Apologize for the slight delay in posting my observations about Day Two of the Beat Live Conference in Cleveland this week.
I would like to say that this conference was really unlike the bulk of the conferences I’ve attended in this industry over the last decade. I told Jay Campbell that I thought that the candor shown by everyone (audience and speakers alike) was truly astounding in a public forum, but that perhaps it is because the Beat writes such honest observations of this industry to begin with. So perhaps their is no fear in telling the truth. That’s the way it seemed anyway!
Day two of the conference focused on innovation, both in pricing and in functionality.
Jim Davidson gave a VERY entertaining presentation on a new model for the industry. Peppered with comic relief (thanks to the overabundance of adult beverages served the night before by our sponsors) and a $2 bill handed out to each attendee, Jim called for the industry to take a look at how we can set a baseline for the value offered at each point of the industry supply/value chain. He called repeatedly for the $2 transaction. I for one am dying to know what tool he used for the presentation. He showed one of my charts from my last book on the GDS centric industry model and actually blew it up on screen – into smithereens….. I’ll have to remember to ask Jim for credit for the pre-explosion graphic! Anyway, thanks for the $2 Jim. I can use it to cover some of the $200 that Delta charged me to redeem my frequent flyer miles…
Patrick Grady from Rearden flew on the redeye to Cleveland to be on the “hot seat” on stage for 30 minutes of questions from the audience. Patrick is an impressive guy and my favorite quote was him saying that the “highest complement that anyone can pay him is calling him an entrepreneur”. As an extreme entrepreneur myself, that was personally heartwarming! When I asked him how he raised money during the very tough economic times of 2000/2001, he recounted using his own funds to pay payroll and not taking a salary. Well, I can definitely relate to that one! Patrick no longer has such problems. Now he is just focused on innovation on the product front, armed with significant funding (e.g. more than $100m) from Amex and JP Morgan. At least today, those two financial service firms are still alive and going strong. My other favorite quote was Patrick saying that his product mission is to make his product “addictive”. It is refreshing to hear an industry CEO frame everything around the customer, regardless of his motives. Thanks for the candor Patrick and for flying all night to speak to us.

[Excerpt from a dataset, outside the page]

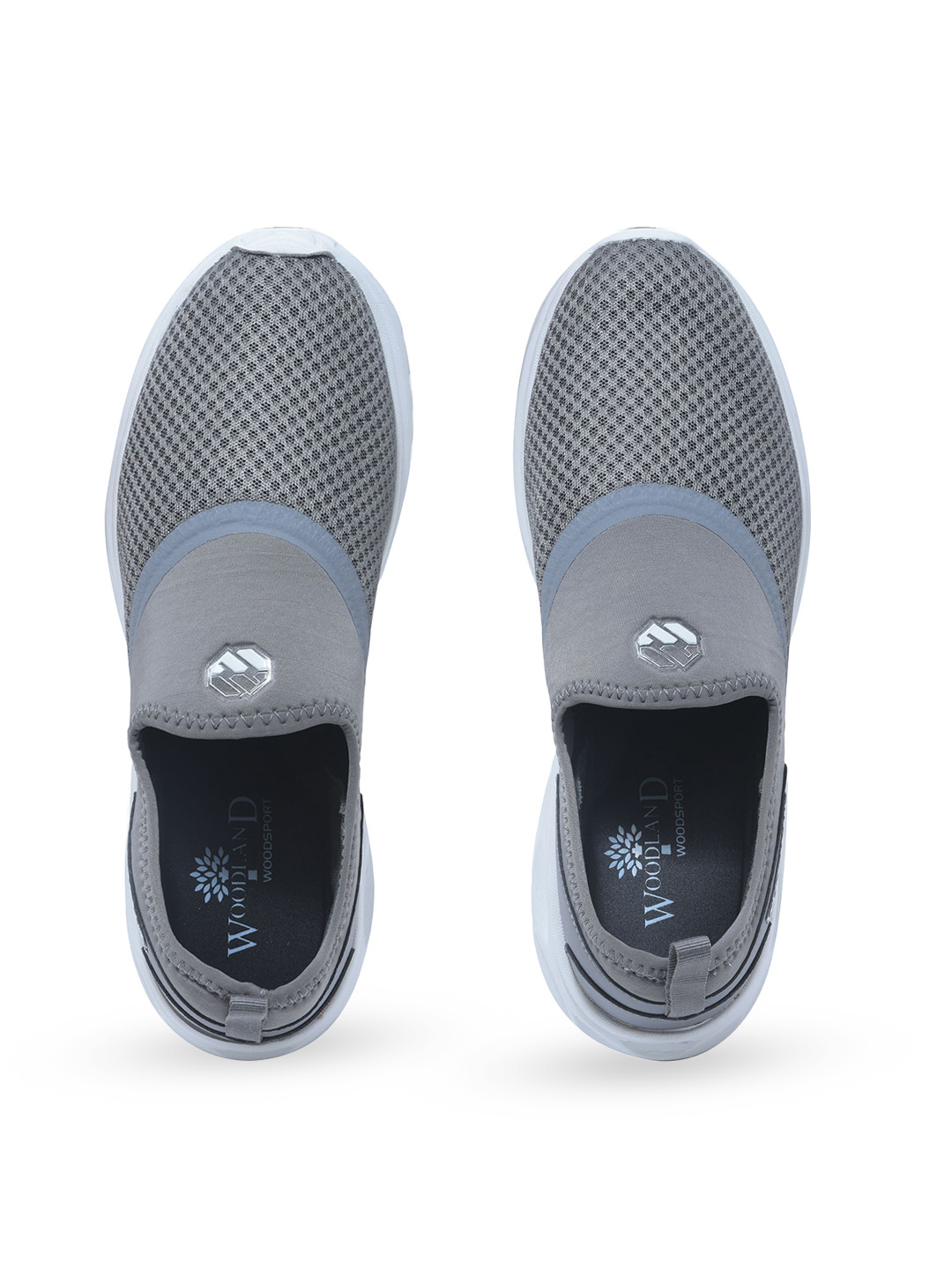 Woodland Men Walking Sports Shoes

The other panel of the day was the one that I participated on, Emerging Technology. For those who know me, you won’t be surprised that I hammered home my favorite statistic about 85% of all travelers in the US being part of the drive market versus the 15% of the industry that flies. Most attendees of the conference remain obsessed (ok, focused…..) on the air traveler, even in selling other products like hotel rooms. The other panel members were Trip Davis of TRX, Cindy Heston of Thomson and filling in for Rajeev Singh of Concur was Tom DePasquale. I wasn’t taking notes due to being on the stage, but I can tell you that I don’t remember hearing about any innovations coming down the pike that knocked my socks off. That is, unless you count being able to get in your car and say “I’m tired” and “I’m hungry” and having the GPS know from your “electronic twin” that when you are alone you prefer a bed and breakfast and Thai food. Although I didn’t name the RoadEscapes.com site and what we are doing with Panasonic by name (because I promised Jay no commercials!), I think most people knew what I was referring to. It is fun to be on the bleeding edge…..

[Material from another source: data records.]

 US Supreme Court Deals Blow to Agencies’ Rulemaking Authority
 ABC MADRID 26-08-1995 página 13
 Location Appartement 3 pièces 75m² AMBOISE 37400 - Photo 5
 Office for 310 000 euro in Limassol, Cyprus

To be fair, TRX is doing some interesting infrastructure oriented plays – using new technologies for aggregation of data, as is Concur and Cindy at Thomson is using user generated content in ways that make her travelers’ lives easier. Everyone agreed at the end of the day that to get to innovation you have to have investment and a willingness to take risk. Oh and making our products addictive to the customer is a good thing too!
Dave Hilfman was an entertaining, if air centric host/MC and did a superb job of making everyone feel like they were a part of the dialogue versus just being talked to by the talking heads of the normal panels at other conferences. The audience under his guidance was even asking questions of each other. A nice refrain from the normal panel led banter. Thanks Dave.
Thanks so much to Jay and Tim of ProMedia for putting this together and the rest of the ProMedia team for making it such a pleasure. And kudos for picking Cleveland. I was a skeptic, but it was a very nice place to visit! I’m even going to take my husband back to see the Rock N Roll Hall of Fame!
Don’t miss this conference next year!